After that day, Saurabh was in constant contact with us leading up to our departure. And by constant contact, I mean that if we chose not to respond because the information was confidential until released publicly, or we simply weren’t around, we would be bombarded with hundreds of messages starting with, “Hello, Andrew!” and ending with “FUCK YOU! WHY WON’T YOU FUCKING ANSWER ME ASSHOLE!” The last message I received from him before leaving was, “Don’t worry. I will just wait for you at the airport.” If I recall correctly, not only did he wait, he waited for more than a day. Fortunately for me, my plane crashed. However, everyone else was not so fortunate.
Upon arriving in Delhi I received a call from Nick, who had already landed, and I was assuming the call was to make sure I’d made it without almost dying a second time. “Hey, Andrew, buddy!” an unfamiliar, Indian voice pierced through the phone, “It’s Saurabh! Where are you, bro?” My heart sank. How in the world was Saurabh calling from Nick’s phone? Nick quickly grabbed the phone, explaining to me that Saurabh had found them in the hotel. Utterly confused and exhausted, I found a taxi and proceeded to meet the guys at our first stop: Ghaziabad.
Upon arriving at the hotel, I met our tour managers, Gaurav Arora, Vinay Bidalia and the rest of our working party, Akash Roy, Narender Rawat, Chetan Thakur, and Neeraj Kumar; and was shown to my room, where I reunited with my team, met our bmx partners, Nick DiGeroloma, Spencer Bass, Scott Wirch and Joe Taberna, and was greeted by our new uninvited acquaintance, Saurabh Tanwar. Eventually, after some much-needed relaxation around the pool, the guys explained the situation to me.

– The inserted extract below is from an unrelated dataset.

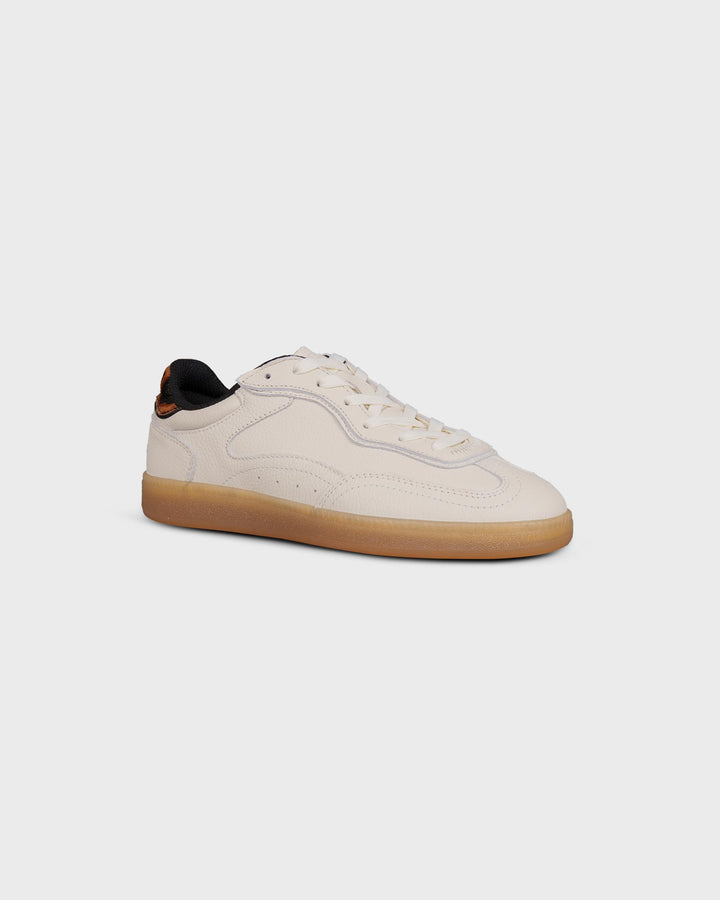 Alley Off White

We had avoided giving Saurabh any details of our whereabouts unless they were made public, but because Saurabh had already known my original time of arrival, we assumed he had guessed the others. However, when nobody else showed up at the airport, Saurabh began the hunt. The guys were staying on a huge strip, one that was littered with a sea of hotels. Ours was a sketchy little joint a few miles down the road and was essentially in a basement, heavily guarded by a very particular receptionist. While the guys were chilling in the room, a shadowy, yet familiar figure approached their open door. “Nick?” the voice said. “Saurabh?” Nick dreadfully replied. And that was that. Saurabh somehow managed to find three guys in the basement of a hotel, that was guarded by a receptionist who kicked out any individual who did not have a room in their name, within an infinite sea of hotels, and invited himself into our space shortly after. Honestly, I was extremely impressed and quite dumbfounded. I’m assuming he went hotel to hotel asking, “Have any white people?”

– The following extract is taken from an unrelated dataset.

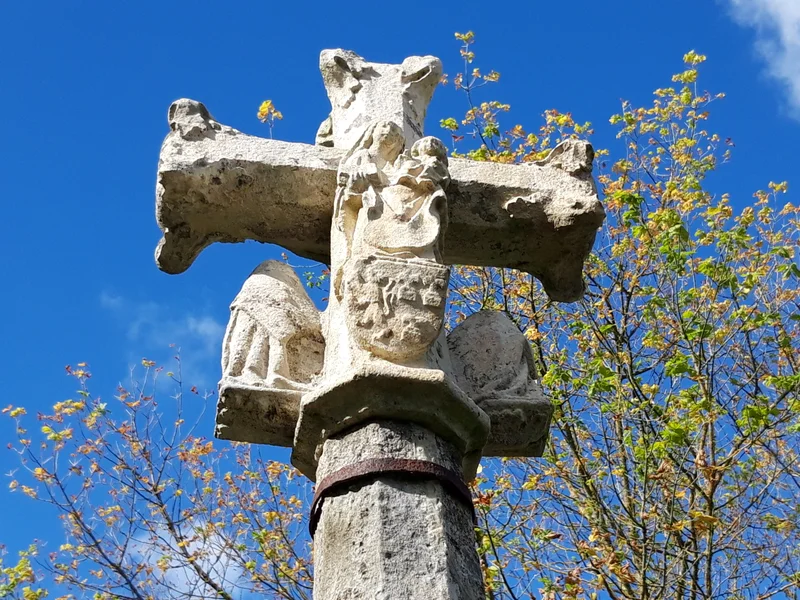 Randonnée La Croix de Bleyssol (circuit vert) · Le Bas Ségala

A few days later, everyone was getting tired of our self-invited guest. Our manager wanted him gone, as he had no money, was riding off of company funds and proved to be a huge liability issue. As for us, we needed our space. Our prayers were soon answered when the stench came. India is already a generally smelly place, not all the smells are bad, but there are lots of them. From ground-level sewage and poop piles everywhere, to subtropical forests filled with fruit, there are smells to be smelled. However, this smell was the worst; the one stench to rule them all.

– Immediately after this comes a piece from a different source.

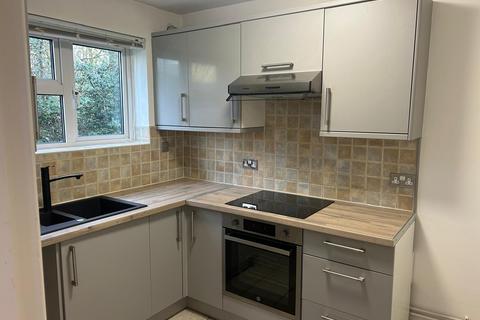 1 bedroom flat to rent, Menzies Avenue, Laindon SS15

After lunch, the four of us decided to head up to the room and talk about the upcoming performance, and handle some team business, but upon opening the door we were bombarded with a stench that could only be described as a pile of rotting corpses covered in feces, along with the dirtiest of creatures swimming in the filth. Essentially, it smelled like the worst shit. The stench was puke worthy, and that’s what we all did. After regaining composure, we quickly hunted through the room looking for the culprit of this stinky madness. We found it in the form of Saurabh’s shoes. We’re pretty certain that he must have stepped in poop on the regular, didn’t wash very often, and instead of cleaning, would just casually slip his feet back into his tennies. We weren’t exactly sure what to do, and Saurabh was nowhere to be found, so Chris, being the brave soul that he is, vanquished the beast by chucking the shoes down the hall.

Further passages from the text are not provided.